Lena frissonna : il ne plaisantait pas. Où trouver pareille somme ? Elle vivait chichement, croulait sous son emprunt immobilier. Pourquoi Oleg s’était-il ainsi enlisé ?
— Vous faites erreur… mon frère n’aurait jamais…
— Tais-toi. L’argent ou “le métier”. À toi de voir.
Il éclata de rire et s’éloigna. Horrifiée, Lena se barricada chez elle, puis appela Oleg. Après plusieurs tentatives, il décrocha, ivre.
— Quoi ? J’suis occupé, moi.
— Un type est venu chez moi exiger cinq cent mille ! Tu as vraiment emprunté cette somme ?
Il ricana.
— Ben oui. Comme tu refuses de cracher, j’ai donné ton adresse. Ils ne tireront rien de moi. Si je paie pas, je leur file ma frangine…
Lena laissa tomber le téléphone. Depuis toujours elle excusait son frère ; son amie Lisa l’avait pourtant prévenue : « Il vendrait sa propre sœur ». Une nuit sans sommeil s’ensuivit, à tourner en rond, incapable de trouver une solution.

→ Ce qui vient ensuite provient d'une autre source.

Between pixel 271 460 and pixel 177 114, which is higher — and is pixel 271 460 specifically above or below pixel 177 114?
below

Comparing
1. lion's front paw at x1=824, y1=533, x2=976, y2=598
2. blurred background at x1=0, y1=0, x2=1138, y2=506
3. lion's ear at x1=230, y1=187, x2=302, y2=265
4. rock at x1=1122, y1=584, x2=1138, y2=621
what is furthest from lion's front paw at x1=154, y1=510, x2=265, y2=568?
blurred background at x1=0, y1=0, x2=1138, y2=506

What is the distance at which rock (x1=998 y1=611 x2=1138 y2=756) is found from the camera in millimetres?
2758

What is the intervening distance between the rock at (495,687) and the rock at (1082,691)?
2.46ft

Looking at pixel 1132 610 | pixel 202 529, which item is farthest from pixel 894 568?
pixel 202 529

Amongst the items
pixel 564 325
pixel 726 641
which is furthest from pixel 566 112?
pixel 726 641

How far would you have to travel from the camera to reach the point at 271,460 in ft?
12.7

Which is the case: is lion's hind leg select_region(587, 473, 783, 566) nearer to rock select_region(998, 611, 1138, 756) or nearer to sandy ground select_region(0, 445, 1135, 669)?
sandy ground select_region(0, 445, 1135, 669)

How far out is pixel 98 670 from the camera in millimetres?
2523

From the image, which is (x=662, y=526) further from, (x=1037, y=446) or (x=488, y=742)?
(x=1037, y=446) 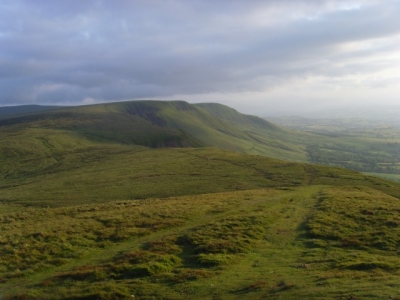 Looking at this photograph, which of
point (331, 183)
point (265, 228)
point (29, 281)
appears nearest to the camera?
point (29, 281)

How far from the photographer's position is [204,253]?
2700 cm

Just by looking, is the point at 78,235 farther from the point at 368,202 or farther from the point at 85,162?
the point at 85,162

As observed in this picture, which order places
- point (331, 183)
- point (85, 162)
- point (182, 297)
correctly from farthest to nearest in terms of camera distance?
point (85, 162) → point (331, 183) → point (182, 297)

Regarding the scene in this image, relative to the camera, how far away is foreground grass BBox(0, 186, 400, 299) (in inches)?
787

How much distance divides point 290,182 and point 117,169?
56.3m

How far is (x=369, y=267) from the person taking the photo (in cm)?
2323

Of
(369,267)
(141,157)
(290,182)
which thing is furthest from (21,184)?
(369,267)

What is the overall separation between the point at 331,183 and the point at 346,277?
210 ft

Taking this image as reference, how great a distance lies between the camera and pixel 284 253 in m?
27.6

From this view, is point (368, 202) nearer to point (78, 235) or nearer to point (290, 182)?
point (290, 182)

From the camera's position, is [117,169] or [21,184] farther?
[117,169]

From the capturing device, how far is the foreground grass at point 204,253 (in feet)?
65.6

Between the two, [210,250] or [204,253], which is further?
[210,250]

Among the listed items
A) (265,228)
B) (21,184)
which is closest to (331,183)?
(265,228) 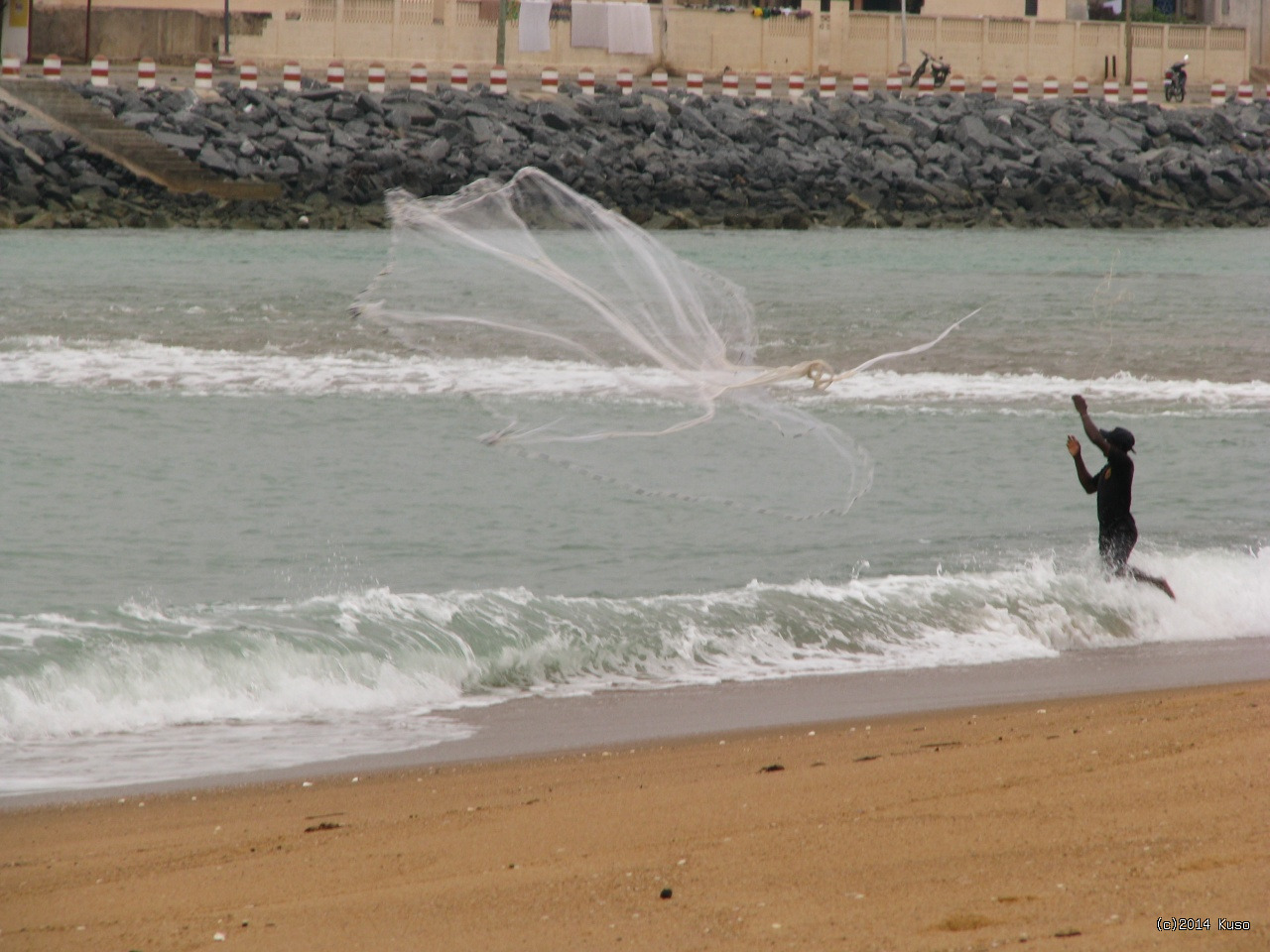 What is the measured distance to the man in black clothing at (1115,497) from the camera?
901 cm

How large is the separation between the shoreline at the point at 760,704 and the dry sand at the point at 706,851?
0.21m

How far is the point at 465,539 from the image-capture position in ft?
36.5

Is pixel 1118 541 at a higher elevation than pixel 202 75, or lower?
lower

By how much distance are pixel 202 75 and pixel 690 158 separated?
12.5m

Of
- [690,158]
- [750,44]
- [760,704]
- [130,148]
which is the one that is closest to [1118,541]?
[760,704]

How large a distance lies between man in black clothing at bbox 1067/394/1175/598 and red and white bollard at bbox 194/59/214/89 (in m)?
34.7

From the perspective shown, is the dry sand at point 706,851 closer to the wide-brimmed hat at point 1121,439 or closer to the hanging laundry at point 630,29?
the wide-brimmed hat at point 1121,439

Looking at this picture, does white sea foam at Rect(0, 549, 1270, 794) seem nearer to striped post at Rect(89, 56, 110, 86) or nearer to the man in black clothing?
the man in black clothing

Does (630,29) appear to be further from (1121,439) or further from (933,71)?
(1121,439)

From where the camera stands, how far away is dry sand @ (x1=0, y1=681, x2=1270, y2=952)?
434 cm

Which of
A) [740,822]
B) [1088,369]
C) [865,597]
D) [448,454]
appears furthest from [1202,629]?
[1088,369]

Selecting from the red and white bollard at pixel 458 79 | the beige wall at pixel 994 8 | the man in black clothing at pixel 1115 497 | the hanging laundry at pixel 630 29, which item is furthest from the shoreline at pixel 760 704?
the beige wall at pixel 994 8

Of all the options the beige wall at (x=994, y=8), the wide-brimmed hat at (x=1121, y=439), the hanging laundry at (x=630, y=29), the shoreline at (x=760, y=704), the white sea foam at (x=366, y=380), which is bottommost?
the shoreline at (x=760, y=704)

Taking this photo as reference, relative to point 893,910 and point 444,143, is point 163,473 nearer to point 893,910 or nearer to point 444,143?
point 893,910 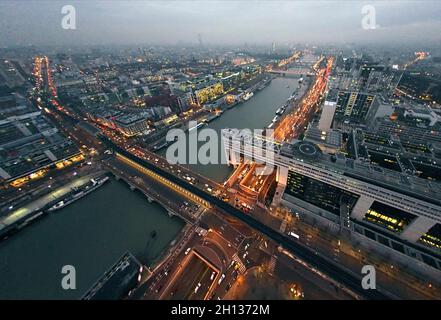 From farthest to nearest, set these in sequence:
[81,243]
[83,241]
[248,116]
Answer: [248,116], [83,241], [81,243]

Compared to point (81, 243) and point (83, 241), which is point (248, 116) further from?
point (81, 243)

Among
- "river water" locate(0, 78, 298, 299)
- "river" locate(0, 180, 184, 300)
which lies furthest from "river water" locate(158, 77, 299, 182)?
"river" locate(0, 180, 184, 300)

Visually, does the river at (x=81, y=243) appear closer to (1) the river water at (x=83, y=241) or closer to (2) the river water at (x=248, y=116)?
(1) the river water at (x=83, y=241)

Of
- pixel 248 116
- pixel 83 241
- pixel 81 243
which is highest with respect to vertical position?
pixel 248 116

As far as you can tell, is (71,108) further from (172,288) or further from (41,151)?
(172,288)

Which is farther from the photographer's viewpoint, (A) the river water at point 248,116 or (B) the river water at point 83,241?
(A) the river water at point 248,116

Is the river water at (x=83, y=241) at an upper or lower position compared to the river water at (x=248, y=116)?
lower

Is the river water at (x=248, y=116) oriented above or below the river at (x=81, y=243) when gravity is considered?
above

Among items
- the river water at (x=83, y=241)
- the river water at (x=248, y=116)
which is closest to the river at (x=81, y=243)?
the river water at (x=83, y=241)

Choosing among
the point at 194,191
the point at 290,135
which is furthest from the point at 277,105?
the point at 194,191

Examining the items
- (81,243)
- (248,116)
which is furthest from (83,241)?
(248,116) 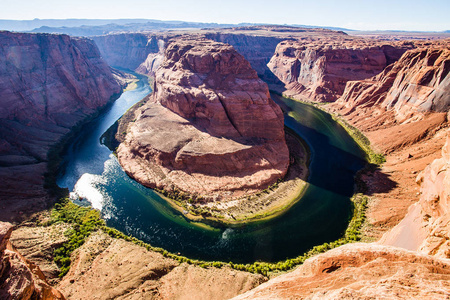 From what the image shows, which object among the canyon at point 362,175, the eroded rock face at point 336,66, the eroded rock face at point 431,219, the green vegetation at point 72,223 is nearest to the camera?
the canyon at point 362,175

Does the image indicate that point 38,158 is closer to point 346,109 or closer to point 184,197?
point 184,197

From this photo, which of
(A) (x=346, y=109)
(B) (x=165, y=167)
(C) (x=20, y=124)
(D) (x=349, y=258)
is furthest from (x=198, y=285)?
(A) (x=346, y=109)

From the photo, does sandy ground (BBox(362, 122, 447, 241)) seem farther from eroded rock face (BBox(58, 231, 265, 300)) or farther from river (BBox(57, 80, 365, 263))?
eroded rock face (BBox(58, 231, 265, 300))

Le matin, elle traîna jusqu’à l’arrêt de bus. Une voiture de police klaxonna : au volant, Pavel Vassenkov, son ami d’enfance, capitaine de police.
— Monte, je te dépose.
Dans la voiture, elle lui raconta tout. Pavel blêmit.
— Je vais lui apprendre la vie, à ton frère ! Et ces crapules ne t’approcheront plus. Dès aujourd’hui, tu ne te déplaces plus seule.
Durant trois jours, Pavel la conduisit et la récupéra. Le soir fixé, le même sbire attendait sous son immeuble. Pavel était là. L’homme gronda :
— Pas de combines, j’avais dit !
Il tenta d’attaquer—Pavel l’allongea au sol, menottes aux poignets. Une patrouille embarqua le malfrat. Pavel souffla :
— Verrouille-toi et n’ouvre à personne. Demain je repasse. Je leur ai expliqué ce qu’ils risquent. Coupe tout lien avec Oleg, et pense à déménager ; je veillerai sur toi.
— Merci, Pacha… Je me sens gênée…
— C’est le moins que je puisse faire pour la femme que j’ai toujours aimée, même si je ne me l’avouais pas.
Ils se regardèrent, bouleversés. Mois après mois, Pavel resta son soutien. Lena vendit son appartement, en acheta un autre près du travail. Leur amitié devint amour ; six mois plus tard ils se marièrent discrètement.
Oleg tenta parfois de la joindre pour quémander, mais elle avait changé de numéro. Ayant voulu la sacrifier, il récoltait désormais la solitude : leurs chemins s’étaient définitivement séparés.